Le père de Lucienne Dué avait exercé toutes les professions compatibles avec l’inertie, surtout les moins avouables. Déjà faible et porté pour l’alcool, il se trouvait à quinze ans apprenti chez un ébéniste. Privé de goût et de soin, il rétrogradait aussitôt dans la menuiserie. Vingt ans il avait manié la varlope. Marié, trois enfants lui étaient venus. Deux garçons, surtout, indomptables et férus d’aventures, comme on n’en connaissait point depuis des siècles dans la famille. L’un d’eux, embarqué cinq ans plus tôt à bord d’un voilier, avait déserté dans l’océan Indien. Sans courage tant qu’il s’était vu en France, il se découvrait là-bas une activité ardente et une volonté de fer. On ne savait ce qu’il exploitait maintenant en ces terres lointaines, mais on avait pu apprendre qu’il fût en passe de devenir très riche.

Le second fils se trouvait à Paris. On ignorait exactement quel métier le fît vivre.

La jeune fille, Lucienne, jolie et intelligente, devint après les fugues de ses frères le souffre-douleur des siens. Son père, usé par l’alcool, cultivait une violence et une irritabilité extrêmes. Sa mère, fille d’un garde-chasse, élevée dans des habitudes de brutalité et de despotisme, exerçait sur elle des goûts involontairement portés vers le sadisme. L’enfant se trouva donc très malheureuse en grandissant. L’oncle, le forgeron, se permettait lui-même volontiers de la corriger, avec un trouble avant-goût d’autres passions qu’il paraissait vouloir un jour aussi satisfaire. Veuf, en effet, il laissait percer l’espoir secret d’épouser la jeune Lucienne Dué, sa nièce, lorsqu’elle aurait vingt ans.

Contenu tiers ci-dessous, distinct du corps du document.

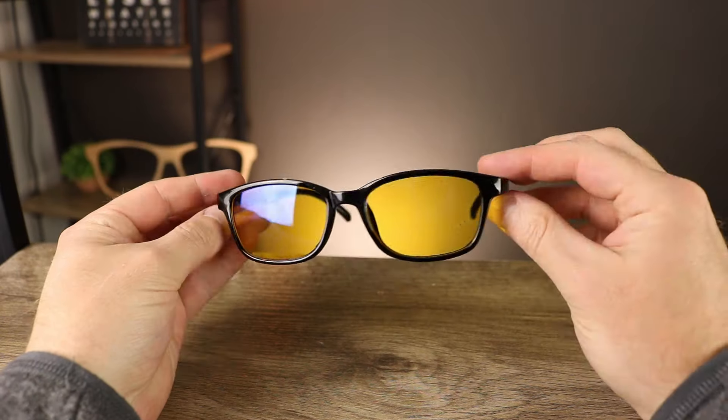There are so many blue light blocking glasses on the market it can make it difficult to pick the best ones. Some lenses might be clear, yellow, orange, or red. Some glasses might be $5, $100, $150. Some companies might claim amazing benefits with no proof to back it up. So how do you pick the best anti-blue light glasses for you? Let's focus in.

Cependant la fillette se savait belle. L’été, des voyageurs passant dans la ville, ou y flânant, s’étaient retournés au passage de cette grande forme féminine élégante et souple. Le fils du châtelain voisin, époux d’une Dué de la magistrature, lui avait même serré les hanches en passant un soir dans une venelle. Lucienne gardait de ce contact furtif, mais mené comme une conquête par un homme expert aux étreintes, un souvenir irrité et lascif. Un jour, au passage d’un couple étranger, n’avait-elle pas entendu dire encore :

— Tu as vu, mon cher, cette enfant. La voilà, l’étoile de cinéma, la perle rêvée pour détrôner les stars californiennes.

Et l’homme, un grand gaillard roux et indolent, avec des yeux flambants et un masque pâle, avait répondu :

— Oui, mon petit ! Faudra voir si on pourrait l’emmener.